On July 20, 2012, President Obama wrote in the Wall Street Journal:
Nuclear power plants must have fences and defenses to thwart a terrorist attack. Water treatment plants must test their water regularly for contaminants. Airplanes must have secure cockpit doors. We all understand the need for these kinds of physical security measures. It would be the height of irresponsibility to leave a digital backdoor wide open to our cyber adversaries.
The most widely used backdoor into data systems is the Advanced Persistent Threat (APT). The most commonly used attack vector in APT is spearphishing – a deceptive email created by a thinking adversary with the intent of inducing the recipient to take an action that compromises systems. The most common actions desired by the adversary are for the recipient to open the targeted email and then open a malicious attachment, which then installs malware that compromises the data processing system.
What we observe in this cyber-attack is people attacking people.

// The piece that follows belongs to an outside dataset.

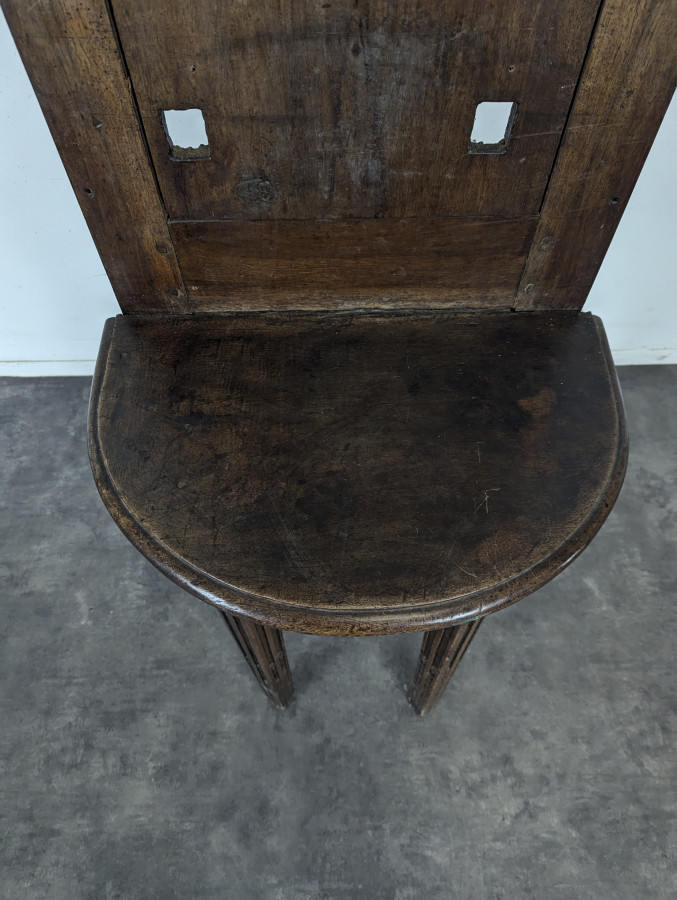 Support de fontaine Louis XVI en noyer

The attackers are using the tools of cyberspace, in this case email, to deceive people into compromising data processing systems. Dr. Frederick Chang, former NSA Director of Research, warns that:
… cybersecurity is fundamentally about an adversarial engagement. Humans must defend machines that are attacked by other humans using machines.
In Email – Deceptive By Design, Iconix explains how email favors the attacker in the adversarial engagement because email is a deceptive interface which is easily manipulated by the attacker.